Applicants can view the status of their application, including documents that have been received by our office by logging in here: https://www.nvvetboard.us/glsuiteweb/clients/nvbov/Private/individual/appstatus/login.aspx

Why do you need a transcript when I already submitted one to take my national exam?

The organizations that arrange for national testing are not associated with our licensing Board. Any documents that are submitted to the ICVA or AAVSB for testing are for those organization's use. We require a separate and official copy to be either mailed or emailed to our office.

Does the Board have reciprocity with any other states?

No, Nevada does not have formal reciprocity with any other states for licensure. Reciprocity involves a formal agreement between two states that licensure between the states can be granted with verification of the applicant’s status as a licensee in on of the reciprocal states. Most licensees, however, are licensed by endorsement.

What is the Species Specific Exam, and do I need to take it?

The Species Specific Exam is a test that is administered by the International Council for Veterinary Assessment (ICVA). The exam is only administered to licensees that have not taken the NAVLE or NBE/CCT within 5 years of applying to Nevada and have disciplinary action in another state. Information can be obtained here: https://www.icva.net/?id=64. Diplomates are not required to take the SSE regardless of when they took the national exam.   

How do I sign up for the NAVLE (veterinarian applicants)?

The NAVLE is the national exam for veterinarians that is accepted for Nevada licensure. The test is administered by the ICVA (International Council for Veterinary Assessment), and information can be obtained here: https://www.icva.net/navle/ 

How do I sign up for the VTNE (LVT applicants)?

The VTNE is the national exam for licensed veterinary technicians that is accepted for Nevada licensure. The test is administered by the AAVSB (American Association for Veterinary State Boards), and information can be obtained here: https://www.aavsb.org/vtne/

Do I need to complete the qualification list for my LVT application?

The qualification list for LVT applicants should only be submitted if you have not attended an AVMA accredited veterinary technician program. Per Nevada law, a VTIT that has received a Bachelor of Science degree in an area related to an animal science or in another area approved by the Board

What is a veterinary technician in training (VTIT)?

A VTIT is a person registered with the Board who may perform the tasks of a veterinary technician under the immediate supervision of a supervising veterinarian or licensed veterinary technician. The VTIT registrant must be a fourth-year student enrolled in a 4-year program or a second-year student enrolled in a 2-year program that is accredited by the AVMA. Additionally, a VTIT can be registered if he/she has completed a Bachelor of Science in an animal science related field. If a VTIT has a BS, they are required to obtain 4,000 hours of supervised clinical experience to fulfill the educational requirement for LVT licensure. Please see the VTIT application page for more information.

How is a veterinary technician in training (VTIT) different than a licensed veterinary technician (LVT)?

A VTIT can perform the same scope of practice as an LVT, but all activities must be done under the immediate supervision of a licensed veterinarian.

How long does it take to get licensed?

The Board and its administrative staff strive to expedite the licensure process. Once applications are complete, the office staff will issue a license by mail within 3-5 business days.
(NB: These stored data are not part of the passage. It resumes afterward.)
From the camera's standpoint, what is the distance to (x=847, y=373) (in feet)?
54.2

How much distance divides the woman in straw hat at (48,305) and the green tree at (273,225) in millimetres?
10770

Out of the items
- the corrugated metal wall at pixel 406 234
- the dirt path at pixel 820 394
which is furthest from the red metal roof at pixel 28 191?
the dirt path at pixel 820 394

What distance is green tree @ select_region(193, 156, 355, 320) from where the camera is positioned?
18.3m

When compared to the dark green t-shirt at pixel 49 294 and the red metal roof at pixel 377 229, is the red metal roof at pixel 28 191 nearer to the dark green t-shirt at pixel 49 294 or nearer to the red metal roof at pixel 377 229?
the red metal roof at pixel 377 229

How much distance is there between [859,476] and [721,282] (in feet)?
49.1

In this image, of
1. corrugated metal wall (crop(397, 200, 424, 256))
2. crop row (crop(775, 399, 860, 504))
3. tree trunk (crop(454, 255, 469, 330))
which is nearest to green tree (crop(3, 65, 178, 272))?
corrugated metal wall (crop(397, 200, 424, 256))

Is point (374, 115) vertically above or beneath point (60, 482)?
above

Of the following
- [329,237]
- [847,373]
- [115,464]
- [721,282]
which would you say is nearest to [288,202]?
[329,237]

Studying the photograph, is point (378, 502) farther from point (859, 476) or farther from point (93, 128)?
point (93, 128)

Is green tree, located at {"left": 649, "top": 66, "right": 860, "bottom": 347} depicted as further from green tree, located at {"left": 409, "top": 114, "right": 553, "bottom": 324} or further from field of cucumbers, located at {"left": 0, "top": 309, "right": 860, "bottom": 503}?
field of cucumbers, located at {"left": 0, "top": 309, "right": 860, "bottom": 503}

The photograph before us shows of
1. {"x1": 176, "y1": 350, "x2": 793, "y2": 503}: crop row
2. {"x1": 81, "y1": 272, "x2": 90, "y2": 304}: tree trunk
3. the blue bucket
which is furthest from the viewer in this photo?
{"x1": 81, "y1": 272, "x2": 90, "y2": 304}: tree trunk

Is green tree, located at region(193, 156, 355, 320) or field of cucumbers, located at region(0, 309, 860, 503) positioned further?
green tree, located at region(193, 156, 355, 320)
The issuance of the license will also be accompanied by an email with your licensure information which can be used to practice until the paper license arrives by mail.
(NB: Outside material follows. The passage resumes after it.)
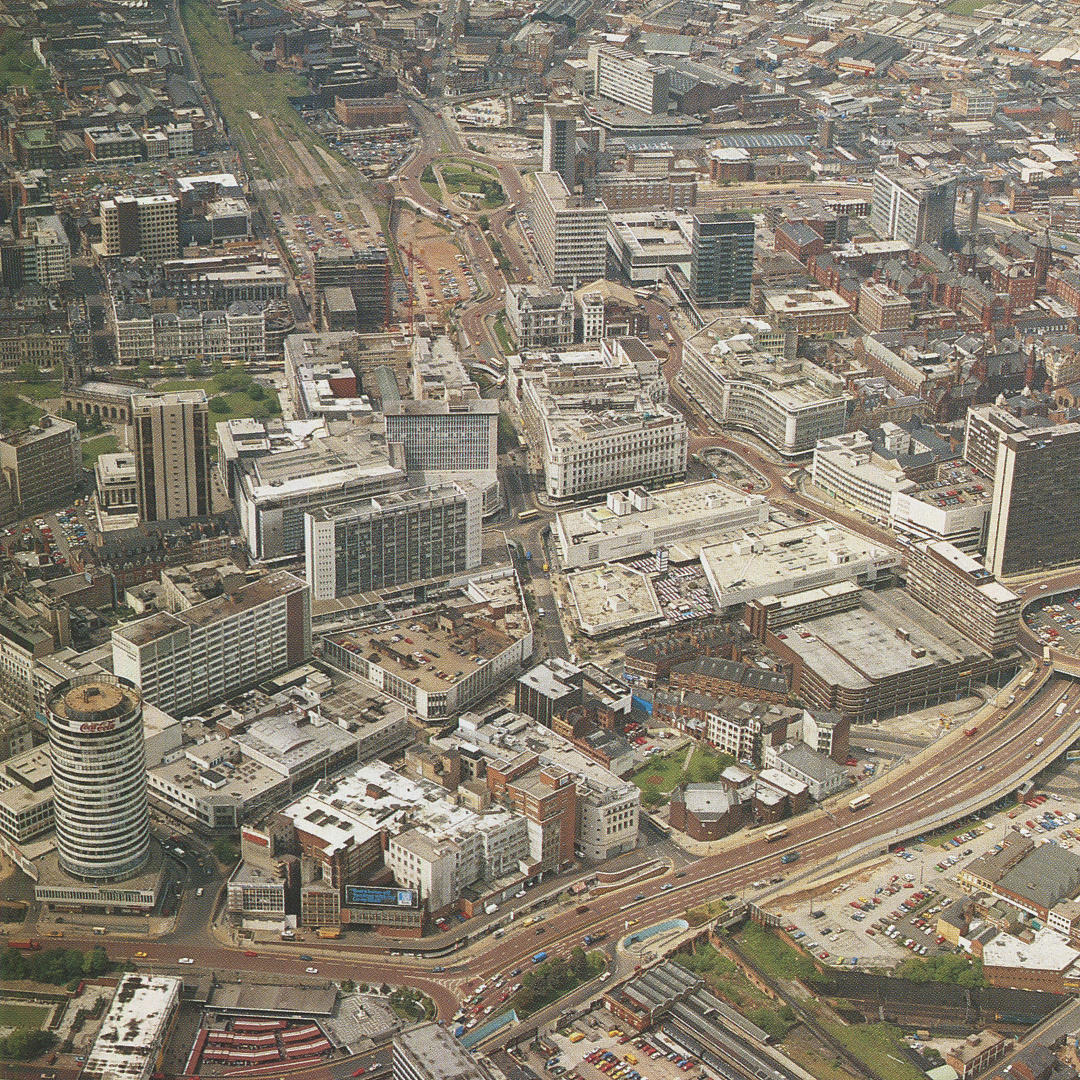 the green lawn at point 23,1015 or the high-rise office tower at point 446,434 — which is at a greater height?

What qualifies as an ‘official’ document?

Depending on the document, an official document generally means that it is being provided directly from the issuing institution. The following documents must be official in order to fulfill the application requirement:

 

Transcripts: must be sent (emailed or mailed) directly from the issuing school by mail or email

Test scores: must be sent (emailed or mailed) directly to the Board office from the test administrators (AAVSB or ICVA)

Letters of Good standing: must be sent directly from the issuing state by mail or email from the issuing state.